Entre os ex-parlamentares denunciados há representantes dos principais partidos políticos do país e figuras de expressão nacional, como o atual secretário do Programa de Parcerias de Investimentos do governo Michel Temer, Moreira Franco; o prefeito reeleito de Salvador, ACM Neto (DEM); e o ex-ministro Ciro Gomes, pré-candidato do PDT à Presidência da República. Os ex-deputados Antonio Palocci (PT) e Eduardo Cunha (PMDB-RJ), presos na Lava-Jato, também são alvos da Procuradoria. ACM Neto disse, por meio de sua assessoria, que não usou a verba indevidamente. Moreira Franco e Ciro não retornaram à reportagem do site.
Na lista dos denunciados não há qualquer parlamentar no exercício do mandato ou ministro de Estado. Também não consta o nome do presidente Michel Temer (PMDB), que cedeu sua cota de passagens à época para viagem de turismo de familiares à Bahia.. Quando o caso veio à tona, Temer presidia a Câmara dos Deputados.
É que congressistas, ministros e o presidente da República, entre outras autoridades, só podem ser investigados e julgados no Supremo Tribunal Federal (STF).

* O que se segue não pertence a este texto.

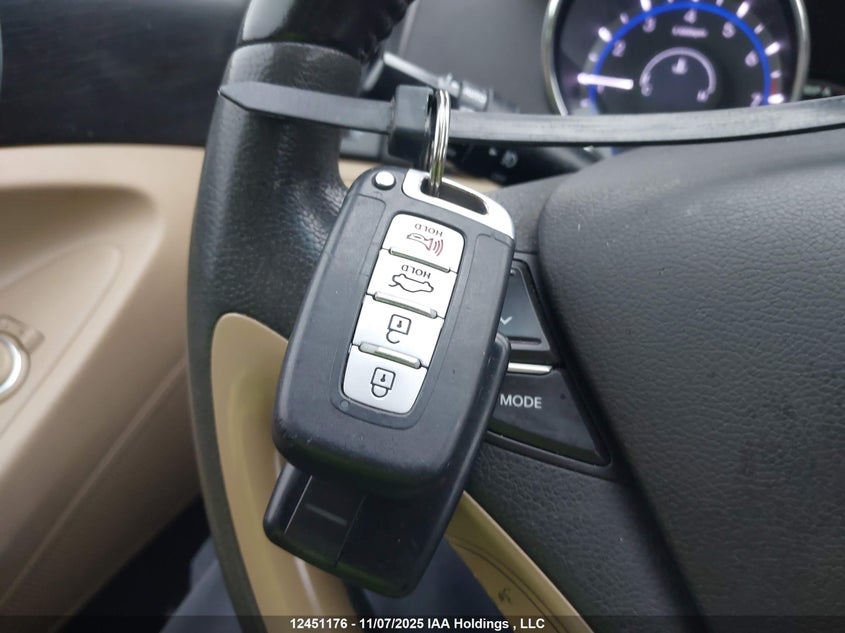 5NPEC4AC2DH746682 2013 HYUNDAI SONATA photo no. 11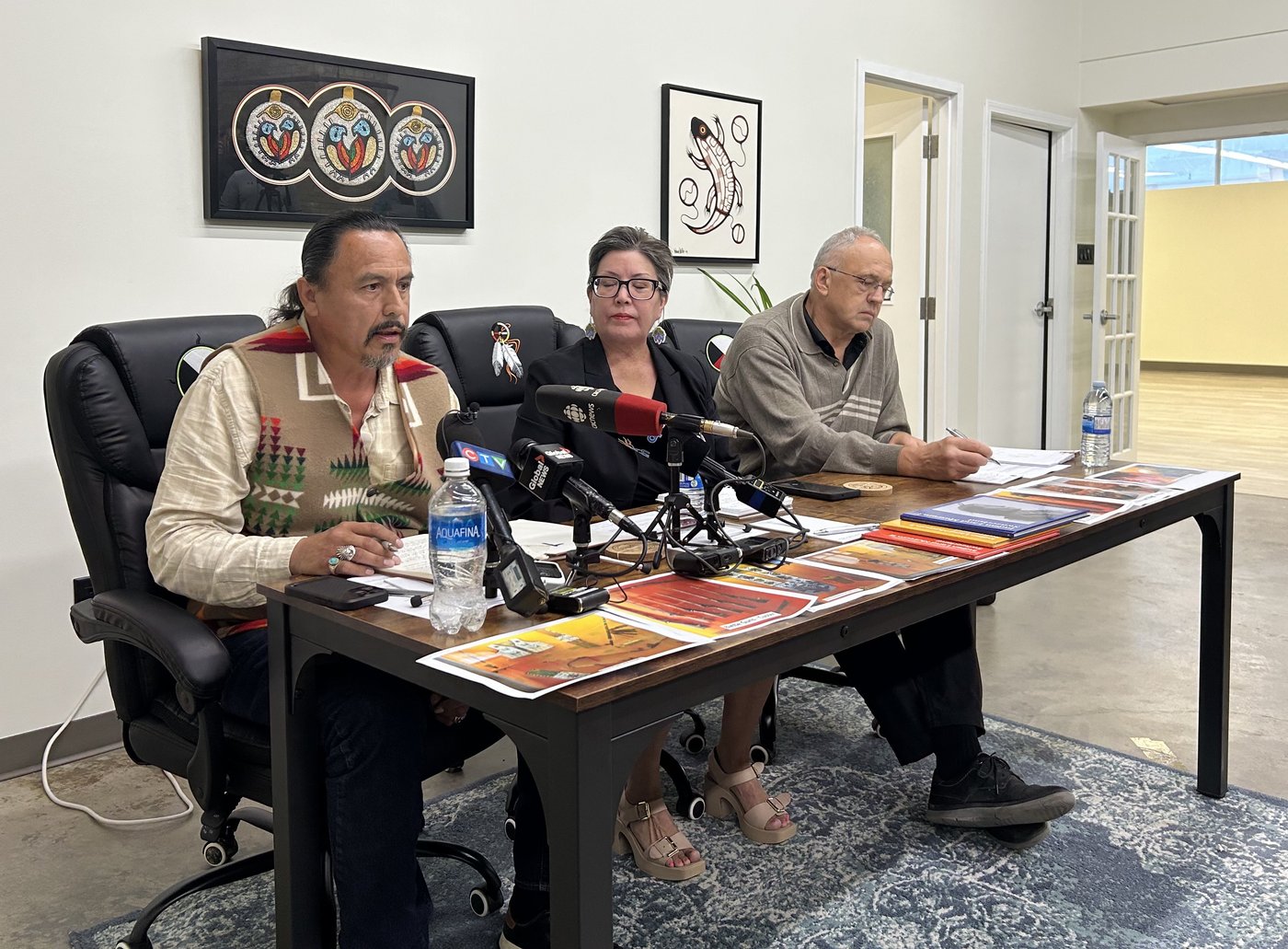 Un groupe autochtone demande de l'aide pour rapatrier des artefacts depuis la Suisse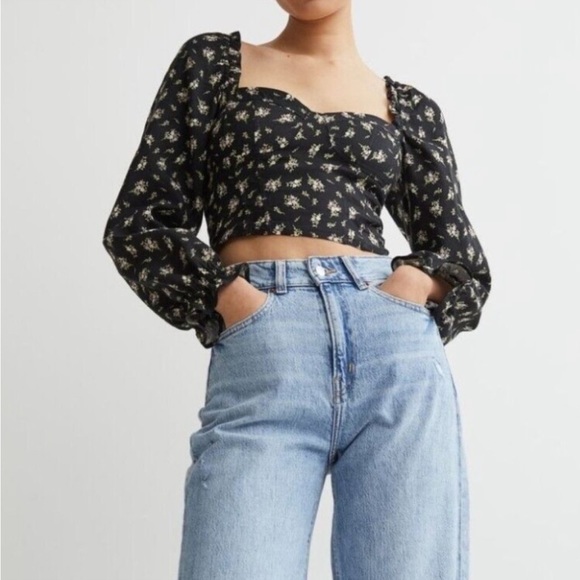 H&M Tops - H&M Floral Linen Cropped Corset Peasant Blouse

Nesse caso, a denúncia só pode ser apresentada pelo procurador-geral da República, Rodrigo Janot.
Segundo o site, o governo discute, internamente, conceder cargo ou status de ministro a Wellington Moreira Franco, um dos principais assessores de Temer, desde que ele teve seu nome citado por investigados da Operação Lava-Jato como um dos beneficiários do esquema de corrupção na Petrobras. Moreira sempre negou qualquer envolvimento com o caso.
O prefeito reeleito de Belém, Zenaldo Coutinho (PSDB), o ex-governador do Distrito Federal Agnelo Queiroz (PT-DF), o ex-presidente da Câmara Henrique Eduardo Alves (PMDB-RN) e os ex-deputados Pedro Henry (PP-MT) e Valdemar Costa Neto (PR-SP), condenados no mensalão, também estão entre os denunciados.
As acusações contra os ex-parlamentares estão distribuídas em 52 denúncias assinadas pelo procurador Elton Ghersel. Caberá ao relator, o desembargador Olindo Menezes, preparar um voto recebendo ou rejeitando o pedido do MP. O voto dele será levado para julgamento na 2ª Seção do TRF 1. Caso a denúncia seja aceita, os ex-deputados viram réus e passam a responder a ações penais. Nessa etapa, eles serão chamados a dar explicações e se defender das acusações. Só, então os políticos poderão ser julgados.
Entenda o caso
l A Farra das Passagens foi mostrada em série de reportagens publicada em 2009 pelo Congresso em Foco, que revelou que centenas de deputados e senadores viajavam pelo Brasil e pelo exterior com dinheiro público, muitas vezes para passear, ou cediam suas cotas de bilhetes aéreos para terceiros, como parentes, amigos e cabos eleitorais.
l Após a repercussão negativa do episódio, a Câmara reviu as regras para tornar mais explícita a determinação de que a verba só poderia ser usada para exercício da atividade parlamentar. Como revelou o Congresso em Foco, só na Câmara, mais de 250 deputados viajaram para fora do país com recursos públicos.
l Com a ajuda da Polícia Federal, a Procuradoria da República examinou 160 mil bilhetes aéreos pagos pela Câmara aos deputados entre 2007 e 2009 às companhias Gol e TAM. Os gastos com esses bilhetes chegaram a R$ 70 milhões em valores da época. Só com viagens internacionais, foram 1.588 trechos, ao custo de R$ 3,1 milhões. Outros R$ 64 milhões bancaram 112 mil voos nacionais.
l A principal dificuldade dos investigadores, além do número elevado de passagens a examinar, foi saber quais trajetos estavam relacionadas ao exercício da atividade parlamentar e quais tinham propósitos particulares.